En un mundo tan globalizado como el actual, cada vez más ciudadanos tienen inversiones y propiedades inmobiliarias en alguna parte del mundo, que no quieren que se conozcan durante su vida. Y en un modelo de sociedad en el que cada vez hay más personas solteras y sin descendencia directa, los bienes que han ido acumulando durante su vida pueden quedarse en el limbo cuando estos ciudadanos fallezcan.
Porque, por ejemplo, un repentino fallecimiento puede provocar que los descendientes si los hay, desconozcan no solo este conjunto de bienes. Incluso es posible que esos herederos no sean conscientes del mero hecho de que ese familiar haya fallecido, si las relaciones con él no eran demasiado buenas.
En este tipo de casos, es la Administración el organismo que se convierte en heredero legítimo de todos esos bienes, cuyo valor no tienen por qué ser precisamente un asunto baladí. Así lo indica el Código Civil, en el que se expresa que, a falta de personas que tengan derecho a heredar, «lo hará el Estado».

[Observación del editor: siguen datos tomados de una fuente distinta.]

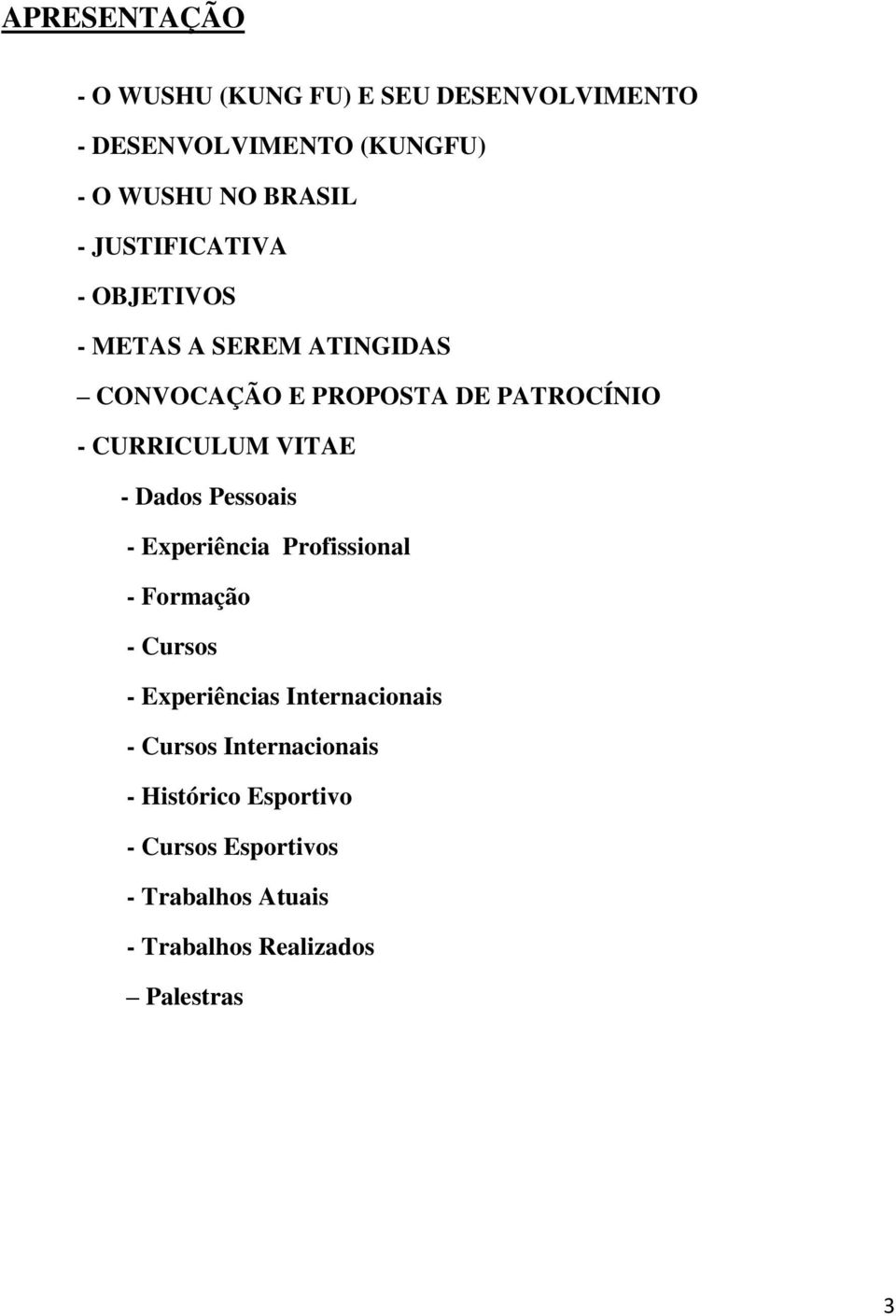 VITAE - Dados Pessoais - Experiência Profissional - Formação - Cursos - Experiências Internacionais -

La normativa también explica cómo deben gestionar esos bienes las Administraciones Públicas. Deben asignar una tercera parte de la herencia a instituciones municipales del domicilio del difunto, de beneficencia, instrucción, acción social o profesionales, ya sean de carácter público o privado; otra tercera parte debe ir a manos de institutos de la provincia del titular de los bienes, y siempre serán preferentes aquellas en las que el fallecido haya pertenecido por su profesión y haya consagrado su máxima actividad, aunque sean de carácter general; la otra tercera parte se destinará a la Caja de Amortización de la Deuda Pública, salvo que, por la naturaleza de los bienes heredados, el Consejo de Ministros acuerde darles, total o parcialmente, otra aplicación.